▸ The problem: Restate word for word the opening line of the data below and every line after it until the line with "-百安居装修建材卖场(南山店)", that line too, but not the pictures.

##### Given records

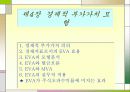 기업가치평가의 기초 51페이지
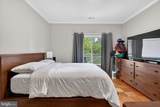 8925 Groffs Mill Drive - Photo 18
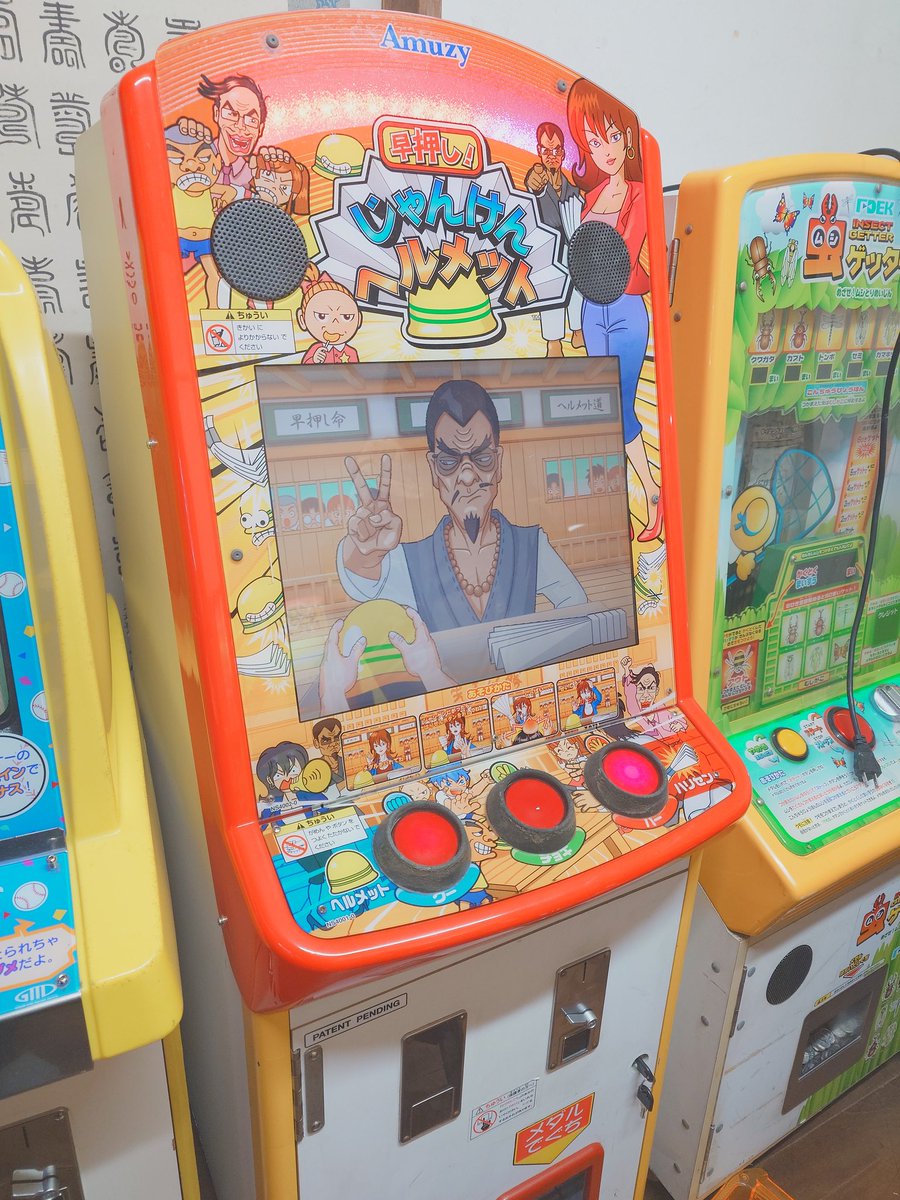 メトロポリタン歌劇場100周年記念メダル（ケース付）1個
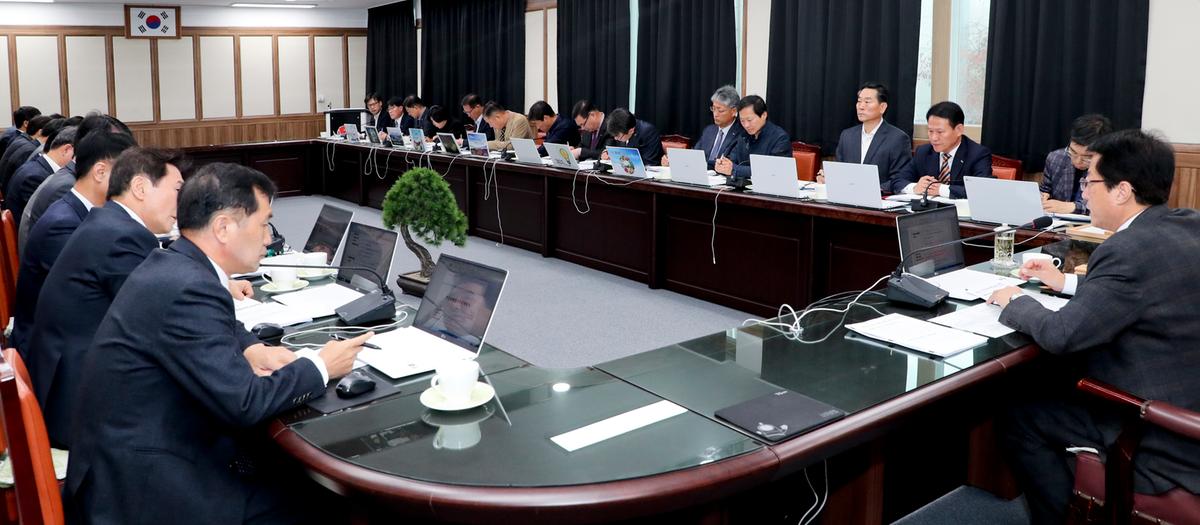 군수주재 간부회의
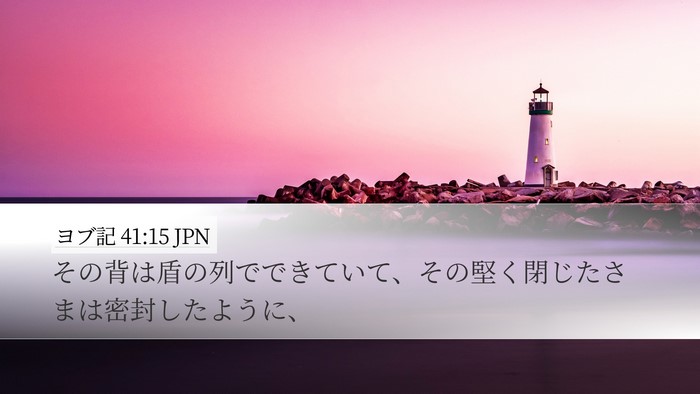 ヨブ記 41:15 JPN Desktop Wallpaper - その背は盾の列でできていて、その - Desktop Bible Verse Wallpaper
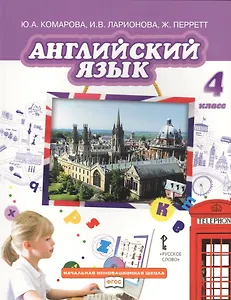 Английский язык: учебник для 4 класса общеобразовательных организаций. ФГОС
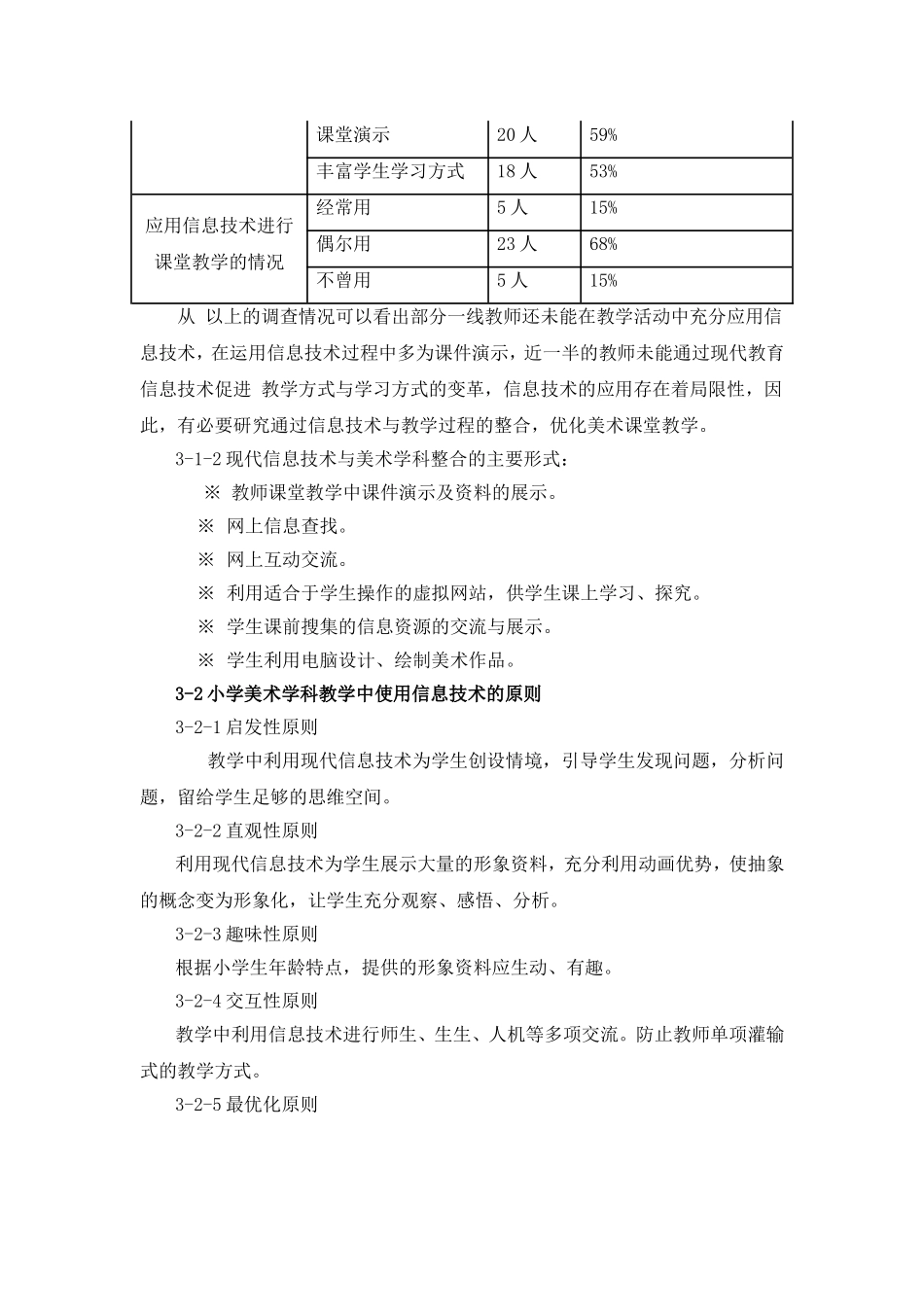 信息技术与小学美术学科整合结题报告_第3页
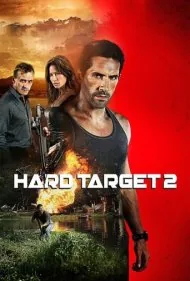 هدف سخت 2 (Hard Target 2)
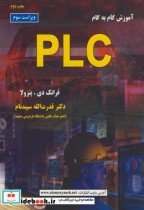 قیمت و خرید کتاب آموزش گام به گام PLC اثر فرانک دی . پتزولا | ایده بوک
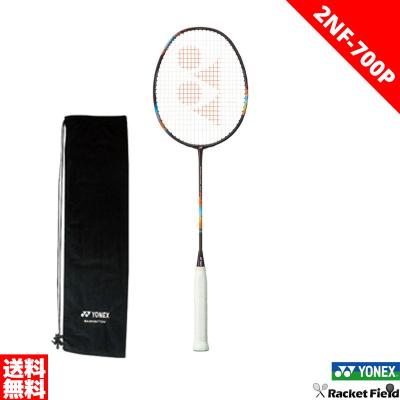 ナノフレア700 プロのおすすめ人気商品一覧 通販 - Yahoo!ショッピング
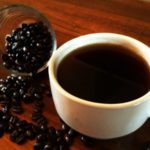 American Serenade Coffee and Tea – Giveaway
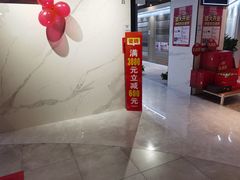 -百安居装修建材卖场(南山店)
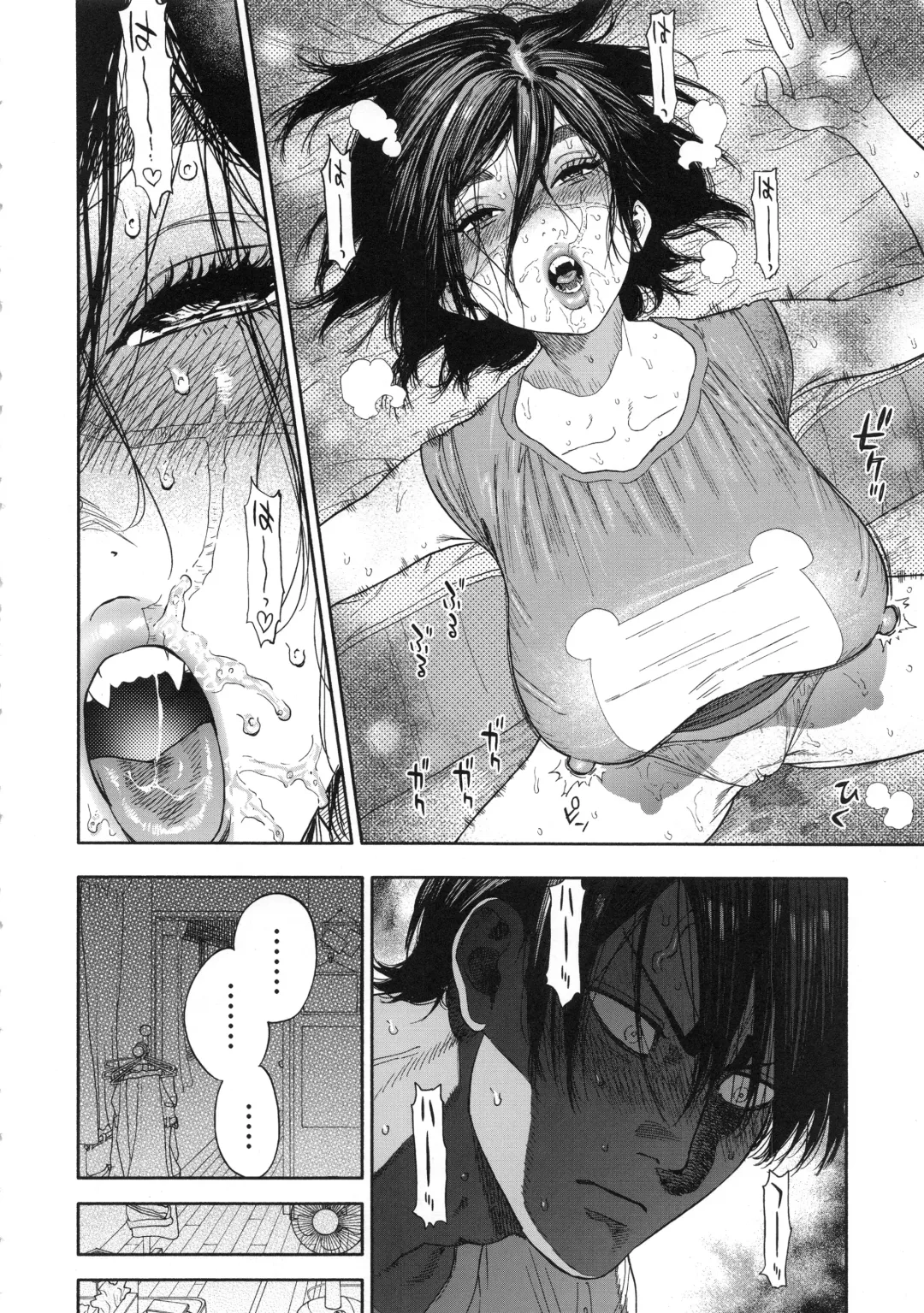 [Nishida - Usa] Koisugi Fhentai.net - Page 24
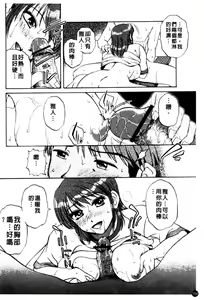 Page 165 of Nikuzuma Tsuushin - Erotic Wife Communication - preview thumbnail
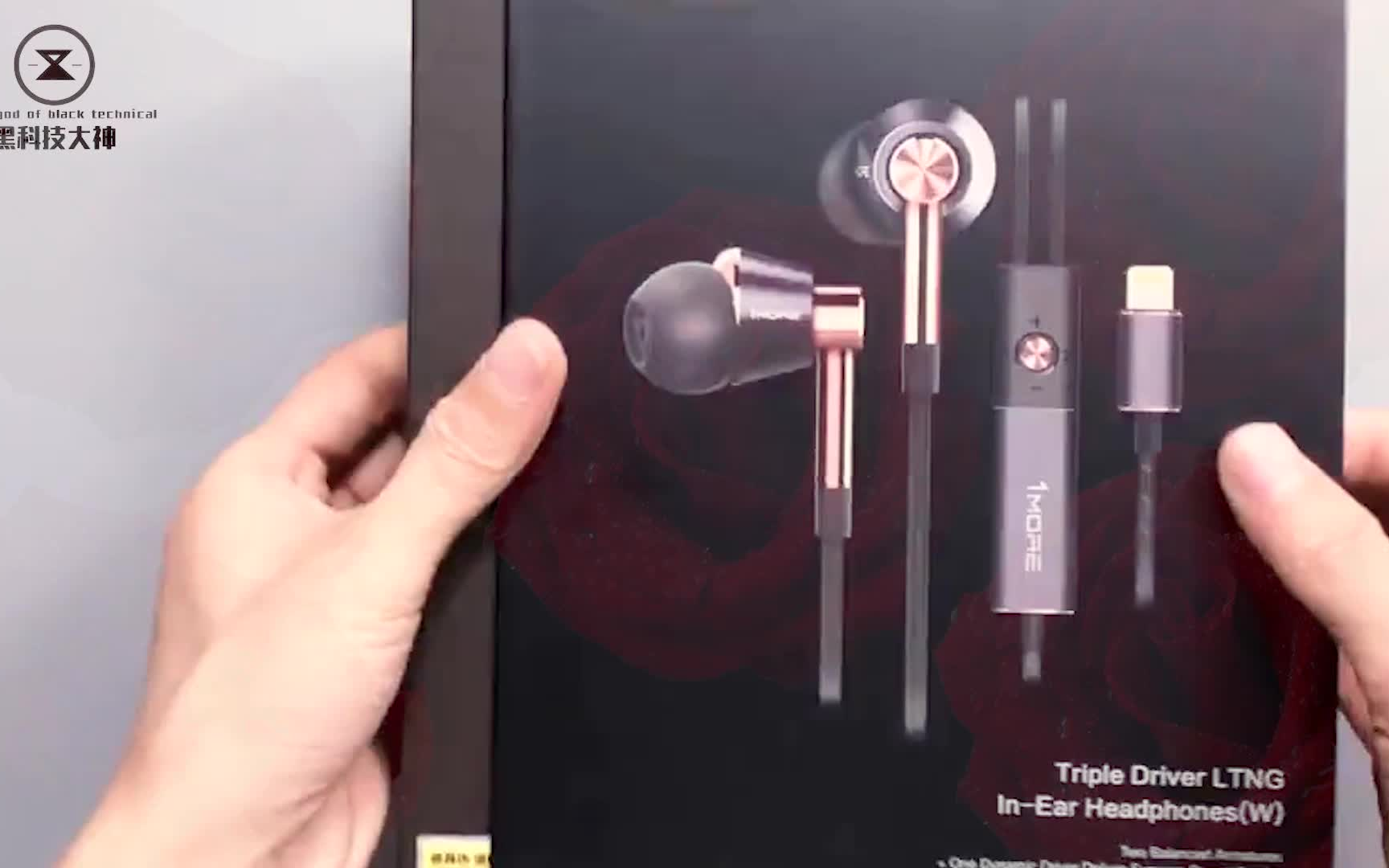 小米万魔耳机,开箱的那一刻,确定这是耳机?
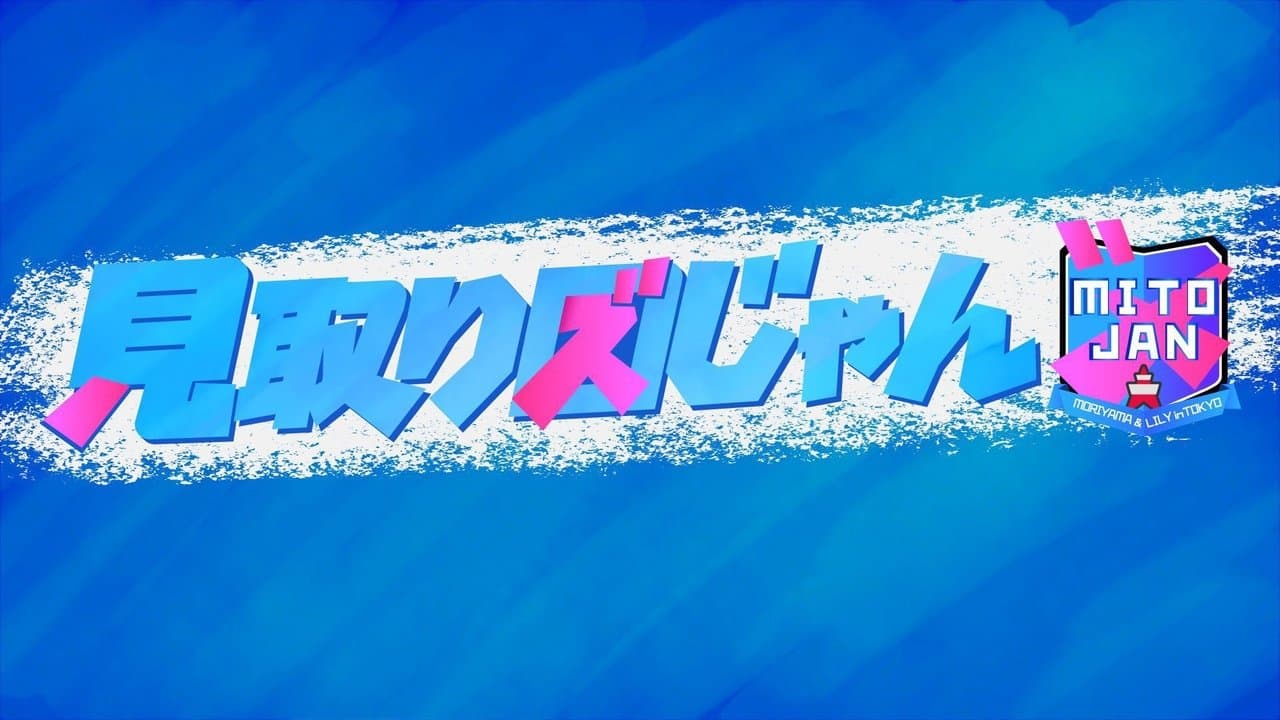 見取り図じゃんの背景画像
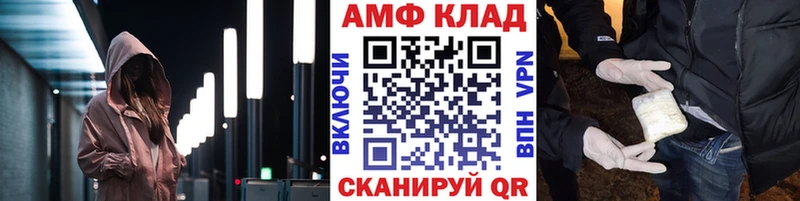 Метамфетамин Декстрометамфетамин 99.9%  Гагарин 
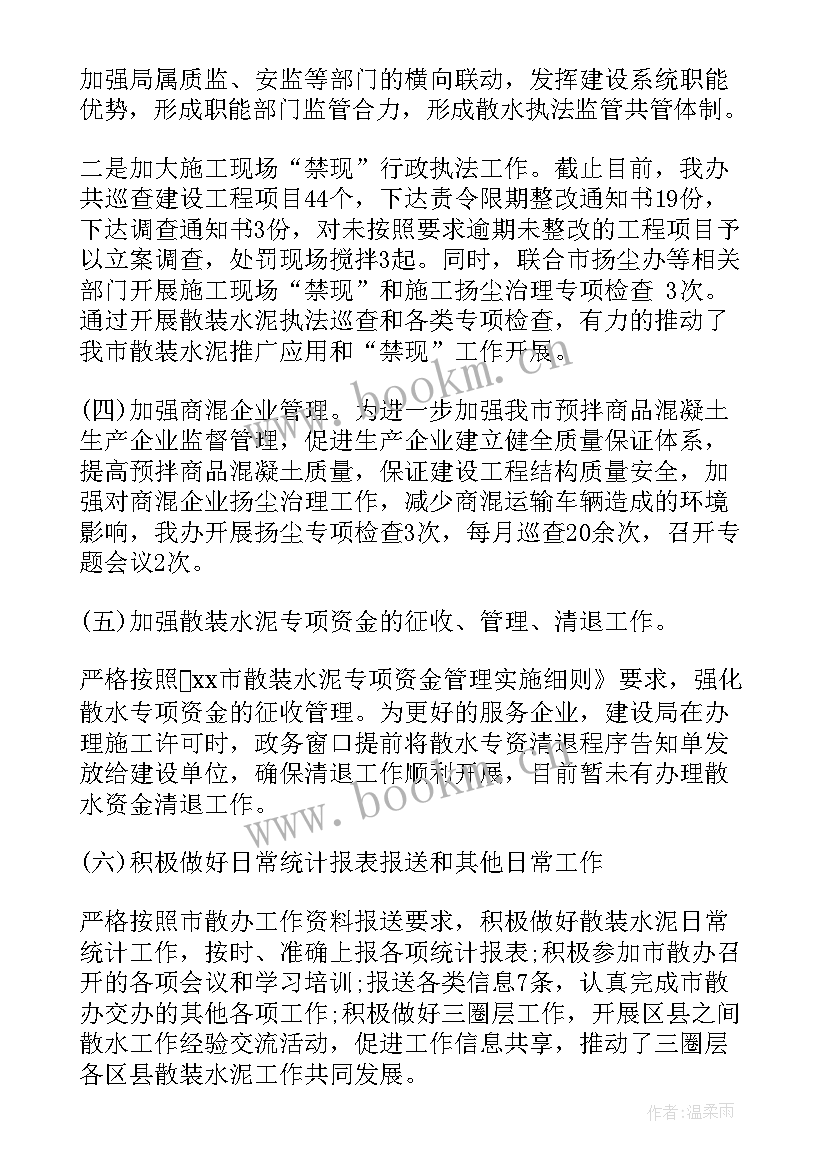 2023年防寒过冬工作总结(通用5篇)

##########

▸ Written response:
 기업가치평가의 기초 51페이지
 8925 Groffs Mill Drive - Photo 18
 メトロポリタン歌劇場100周年記念メダル（ケース付）1個
 군수주재 간부회의
 ヨブ記 41:15 JPN Desktop Wallpaper - その背は盾の列でできていて、その - Desktop Bible Verse Wallpaper
 Английский язык: учебник для 4 класса общеобразовательных организаций. ФГОС
 信息技术与小学美术学科整合结题报告_第3页
 هدف سخت 2 (Hard Target 2)
 قیمت و خرید کتاب آموزش گام به گام PLC اثر فرانک دی . پتزولا | ایده بوک
 ナノフレア700 プロのおすすめ人気商品一覧 通販 - Yahoo!ショッピング
 American Serenade Coffee and Tea – Giveaway
 -百安居装修建材卖场(南山店)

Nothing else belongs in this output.